§ **EXERCISE OBJECTIVE**:
Take the material below from its first line through the line containing "Tüketici Davranışları 2016" and, please, write those lines again exactly.

::: DATA FOR THIS EXERCISE :::

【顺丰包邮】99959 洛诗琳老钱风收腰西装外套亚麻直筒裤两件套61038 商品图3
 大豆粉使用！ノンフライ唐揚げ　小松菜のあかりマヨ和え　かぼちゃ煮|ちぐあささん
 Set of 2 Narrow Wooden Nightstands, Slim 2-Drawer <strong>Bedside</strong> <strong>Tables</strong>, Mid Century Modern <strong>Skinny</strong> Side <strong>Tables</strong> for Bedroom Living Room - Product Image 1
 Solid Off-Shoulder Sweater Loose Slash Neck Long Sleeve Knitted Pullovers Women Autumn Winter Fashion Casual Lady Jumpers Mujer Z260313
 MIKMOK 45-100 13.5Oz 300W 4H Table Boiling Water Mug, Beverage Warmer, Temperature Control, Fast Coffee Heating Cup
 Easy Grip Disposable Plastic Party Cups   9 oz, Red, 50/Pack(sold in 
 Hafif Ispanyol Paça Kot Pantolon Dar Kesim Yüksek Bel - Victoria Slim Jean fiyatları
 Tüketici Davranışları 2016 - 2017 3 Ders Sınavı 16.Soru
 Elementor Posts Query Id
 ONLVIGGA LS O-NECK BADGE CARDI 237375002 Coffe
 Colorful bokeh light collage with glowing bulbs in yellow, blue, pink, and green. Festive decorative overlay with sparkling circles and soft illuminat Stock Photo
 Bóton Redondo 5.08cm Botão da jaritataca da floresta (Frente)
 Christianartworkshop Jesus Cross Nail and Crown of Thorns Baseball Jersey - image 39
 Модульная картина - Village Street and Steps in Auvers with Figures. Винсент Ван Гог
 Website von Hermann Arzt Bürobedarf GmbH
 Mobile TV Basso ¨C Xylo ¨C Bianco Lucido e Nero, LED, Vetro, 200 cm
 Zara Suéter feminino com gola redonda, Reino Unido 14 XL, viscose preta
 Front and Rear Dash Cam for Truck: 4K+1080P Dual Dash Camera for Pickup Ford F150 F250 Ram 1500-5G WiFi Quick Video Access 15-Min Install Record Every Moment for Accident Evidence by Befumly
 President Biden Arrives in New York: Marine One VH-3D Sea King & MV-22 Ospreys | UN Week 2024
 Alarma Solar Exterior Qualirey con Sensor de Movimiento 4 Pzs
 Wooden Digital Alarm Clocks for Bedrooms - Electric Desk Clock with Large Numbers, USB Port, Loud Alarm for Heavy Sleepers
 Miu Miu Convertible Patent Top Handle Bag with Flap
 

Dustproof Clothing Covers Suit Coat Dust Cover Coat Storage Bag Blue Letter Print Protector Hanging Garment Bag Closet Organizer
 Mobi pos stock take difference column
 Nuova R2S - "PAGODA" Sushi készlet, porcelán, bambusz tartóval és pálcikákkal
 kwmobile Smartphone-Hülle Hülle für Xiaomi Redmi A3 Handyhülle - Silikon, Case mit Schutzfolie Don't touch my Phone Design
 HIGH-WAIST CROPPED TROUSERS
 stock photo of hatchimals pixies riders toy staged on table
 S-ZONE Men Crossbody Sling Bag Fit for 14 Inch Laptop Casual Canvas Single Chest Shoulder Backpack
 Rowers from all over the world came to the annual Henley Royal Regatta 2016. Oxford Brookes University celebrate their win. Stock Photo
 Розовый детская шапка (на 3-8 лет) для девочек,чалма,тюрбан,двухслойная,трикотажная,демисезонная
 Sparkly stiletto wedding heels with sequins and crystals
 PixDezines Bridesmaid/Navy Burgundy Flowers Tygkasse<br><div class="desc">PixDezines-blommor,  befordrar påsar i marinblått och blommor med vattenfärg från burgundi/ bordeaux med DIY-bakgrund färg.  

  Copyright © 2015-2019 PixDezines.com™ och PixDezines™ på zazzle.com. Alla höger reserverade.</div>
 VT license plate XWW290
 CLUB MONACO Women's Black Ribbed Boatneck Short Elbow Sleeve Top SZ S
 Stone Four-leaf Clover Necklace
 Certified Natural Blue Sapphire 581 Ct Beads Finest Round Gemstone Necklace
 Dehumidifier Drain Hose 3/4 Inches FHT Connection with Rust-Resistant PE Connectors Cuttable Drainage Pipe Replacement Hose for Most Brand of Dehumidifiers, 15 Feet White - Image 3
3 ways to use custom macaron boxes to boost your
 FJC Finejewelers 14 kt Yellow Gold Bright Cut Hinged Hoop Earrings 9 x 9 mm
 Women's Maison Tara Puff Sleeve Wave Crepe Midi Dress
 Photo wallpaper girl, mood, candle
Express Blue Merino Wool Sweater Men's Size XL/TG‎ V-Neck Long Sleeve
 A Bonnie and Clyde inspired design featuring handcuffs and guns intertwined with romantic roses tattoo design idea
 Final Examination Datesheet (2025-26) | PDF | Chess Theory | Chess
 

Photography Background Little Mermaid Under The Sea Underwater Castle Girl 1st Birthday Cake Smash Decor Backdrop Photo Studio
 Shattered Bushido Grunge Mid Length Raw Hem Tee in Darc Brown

:::

§ **RESULT OF THIS TASK**:
【顺丰包邮】99959 洛诗琳老钱风收腰西装外套亚麻直筒裤两件套61038 商品图3
 大豆粉使用！ノンフライ唐揚げ　小松菜のあかりマヨ和え　かぼちゃ煮|ちぐあささん
 Set of 2 Narrow Wooden Nightstands, Slim 2-Drawer <strong>Bedside</strong> <strong>Tables</strong>, Mid Century Modern <strong>Skinny</strong> Side <strong>Tables</strong> for Bedroom Living Room - Product Image 1
 Solid Off-Shoulder Sweater Loose Slash Neck Long Sleeve Knitted Pullovers Women Autumn Winter Fashion Casual Lady Jumpers Mujer Z260313
 MIKMOK 45-100 13.5Oz 300W 4H Table Boiling Water Mug, Beverage Warmer, Temperature Control, Fast Coffee Heating Cup
 Easy Grip Disposable Plastic Party Cups   9 oz, Red, 50/Pack(sold in 
 Hafif Ispanyol Paça Kot Pantolon Dar Kesim Yüksek Bel - Victoria Slim Jean fiyatları
 Tüketici Davranışları 2016 - 2017 3 Ders Sınavı 16.Soru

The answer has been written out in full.